Luanda -  O senhor almirante Mendes de Carvalho “Miau” explicou em quatro páginas compactas do jornal “Folha 8” por que razão pediu a passagem à reserva e se fez ao mar alteroso da política. Confesso que quando acabei de ler a explicação estava zonzo e com nós cegos nos miolos. Quando julgava que tinha apanhado a linha de pensamento do “número dois” de Abel Chivukuvuku, ele fintava-me e afirmava exactamente o contrário do que eu pensava que tinha percebido.


Fonte: Jornal de Angola


Uma coisa, percebi bem. Um homem que se formou à custa do Estado, que esteve dez anos no estrangeiro vivendo dos dinheiros do Estado, que lhe veio do erário público tudo o que tem e é, agora diz que “apoio incondicionalmente o presidente Chivukuvuku”.


Faço uma retrospectiva dos últimos 20 anos e do líder da CASA só me vem à memória aquela frase, proferida no Huambo, no rescaldo das eleições de 1992 e que reproduzo na íntegra: “se publicarem os resultados eleitorais nós reduzimos Angola a pó”. Nada mais recordo do antigo dirigente da UNITA e delfim de Savimbi.


Nesta altura o almirante Miau era militar das inauguradas FAA. O seu comandante em chefe era José Eduardo dos Santos. Tal como era o Presidente da República e o candidato presidencial do MPLA às eleições de 1992, partido ao qual presidia.


Proclamados os resultados, José Eduardo dos Santos registou uma vitória em toda a linha. Presumo que o almirante Miau exultou com estes resultados.
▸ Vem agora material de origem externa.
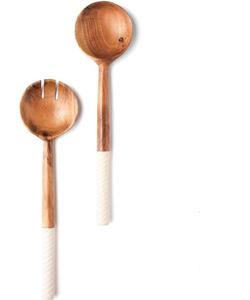 Juego de utensilios de madera de acacia de mango largo de estilo americano, Juego de 2 piezas para servir ensaladas, cubertería, cuchara y tenedor, servidor de ensaladas - Product Image 2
Mas a ameaça de Chivukuvuku cumpriu-se. E além de ter reduzido grande parte de Angola a pó, ele ainda protagonizou uma tentativa de tomada de poder pela força, com Jeremias Chitunda, Salupeto Pena e outros altos dirigentes da UNITA que estavam em Luanda para cumprir essa parte do plano do guru de Savimbi, o sul-africano Sean Cldeary: “se ganharmos as eleições, tudo bem. Se perdermos, dizemos que houve fraude e tomamos o poder pela força.”


O almirante Miau deve saber do resto. O povo de Luanda resistiu heroicamente aos golpistas e estes, quando se sentiram perdidos, tentaram fugir a ferro e fogo, atravessando o Sambizanga pela estrada que liga ao Cacuaco. Chivukuvuku foi apanhado e salvo de um linchamento popular, mas ficou gravemente ferido. Os médicos do Hospital Militar salvaram-lhe a vida. Nunca foi capaz de agradecer aos seus salvadores nem sequer de pedir perdão aos angolanos pela aventura golpista em que se meteu.


Este homem é hoje o presidente do almirante Miau. E ao juntar-se ao seu projecto político, diz o jornal onde explica em quatro páginas a sua opção política, “rebentou as algemas e numa espécie de grito da liberdade, veio a terreiro partilhar o sabor do Ser Livre, e um dos dividendos de um Homem há anos descontente que transformou o descontentamento em revolta”.


Na Marinha de Guerra, sua excelência era um prisioneiro. Estava acorrentado ao MPLA. Só podia mesmo revoltar-se. Foi ter com Abel Chivukuvuku e disse-lhe que o dirigente da UNITA era presidenciável. Mas ele, timidamente, disse que não. O almirante Miau insistiu. E Chivukuvuku condescendeu: “então meu mano, se eu vou avançar, porque não avançamos já os dois? E eu disse, não sou militar”. É assim mesmo, nada de misturar um militar no activo, com política.


Mas o mesmo almirante Miau diz que apresentou, em nome individual, um projecto de Constituição da República para ser discutido com os projectos dos partidos. Isso é pura política! É um político a querer ser igual a um partido com muitos políticos. Mas se o senhor almirante não vê nenhuma contradição nisto, o defeito é meu e assumo que sou um grande burro.


Toda a sua intervenção está cheia de contradições insanáveis. Mas daí não vem mal ao mundo. Mas me parece que pode dar para o torto ao próprio e à casa. Um homem que precisou de quase 40 anos para perceber que era prisioneiro e estava acorrentado ao partido e ao regime que lhe deu tudo o que tem, é capaz de estar um pouco confuso para exercer um cargo político. Os eleitores podem dar por isso e os dois manos salvadores da pátria ainda ficam a ver navios.